Film d’animation japonais de Takahide Hori (2017), avec les voix de Takahide Hori, Hamdullah Saat, Yuji Sugiyama, Atsuko Miyake… 1h41. Sortie le 18 mai 2022.





Ce film-là ne ressemble vraiment à aucun autre. D’abord parce que ses protagonistes s’expriment dans un sabir sibyllin ponctué de borborygmes pourtant dûment sous-titrés. Ensuite parce qu’il s’appuie sur une technique éprouvée de l’animation née en même temps que le cinématographe : le stop-motion qui consiste à progresser image par image pour donner l’illusion du mouvement, sans atteindre toutefois une fluidité parfaite.

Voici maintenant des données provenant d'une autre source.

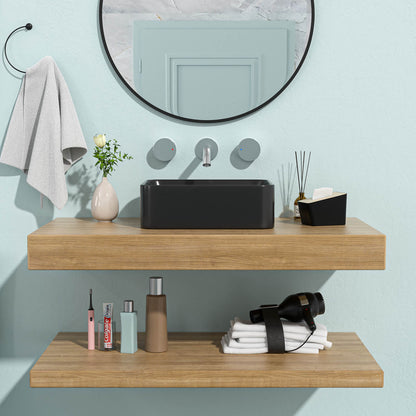 16x12 inch black bathroom sink with modern above counter style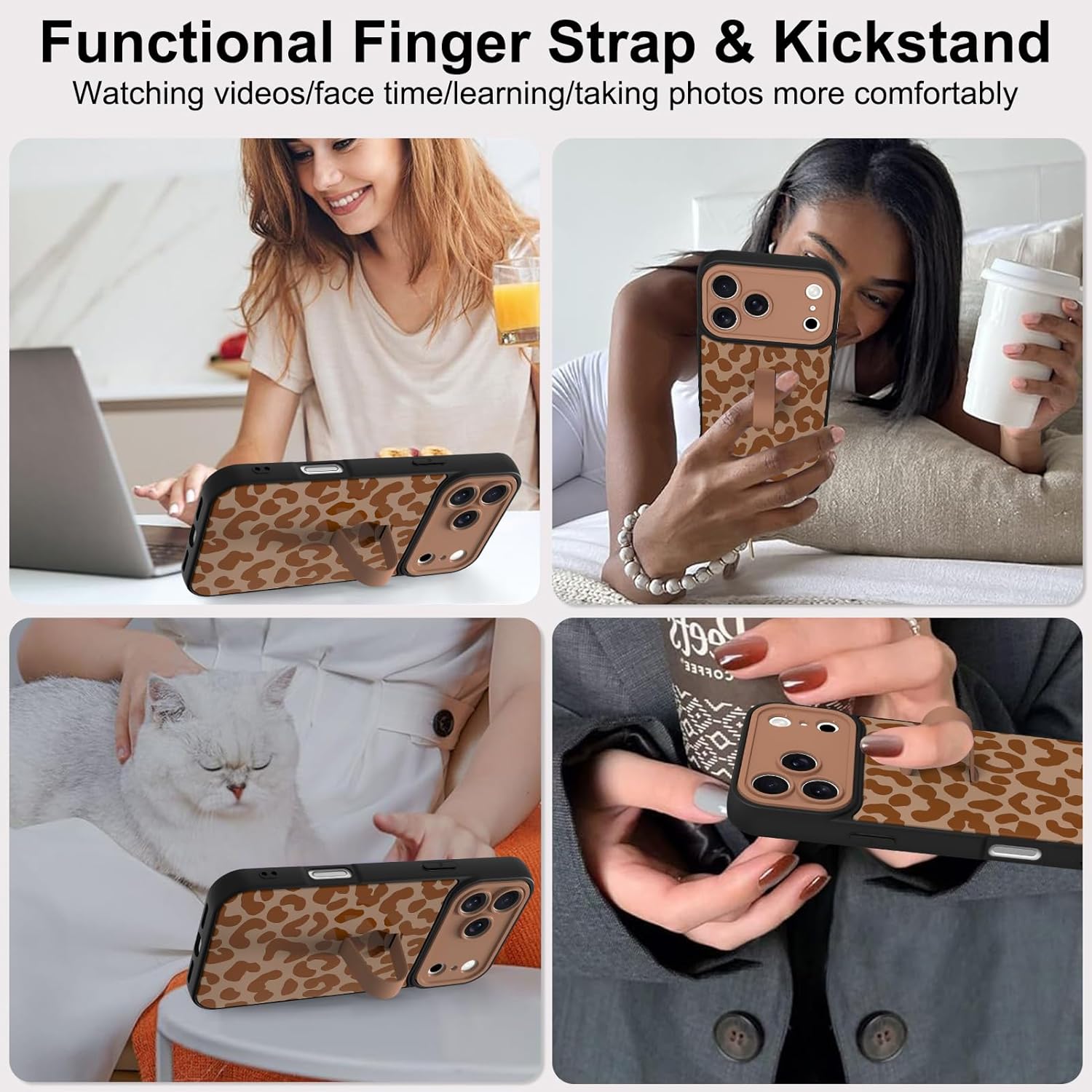 Compatible with iPhone 17 Pro Max Case with Finger Hand Strap Kickstand, Trendy Cool Leopard Cheetah Print Phone Case for Women Men, Full Camera Protection Shockproof Protective Cover, Brown - Image 5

Il a donc fallu pas moins de sept ans à son auteur pour venir à bout de ce projet atypique que constitue Junk Head, lui-même précédé par le court métrage presque homonyme Junk Head 1 qui a attiré l’attention de bon nombre de professionnels lors de sa mise en ligne sur Youtube avant de remporter le prix du meilleur film d’animation au festival international du court métrage de Clermont Ferrand en 2014. Plus de cent quarante mille images pour un travail de titan devenu instantanément un film culte tant son esthétique et sa genèse échappent à toutes les normes en vigueur.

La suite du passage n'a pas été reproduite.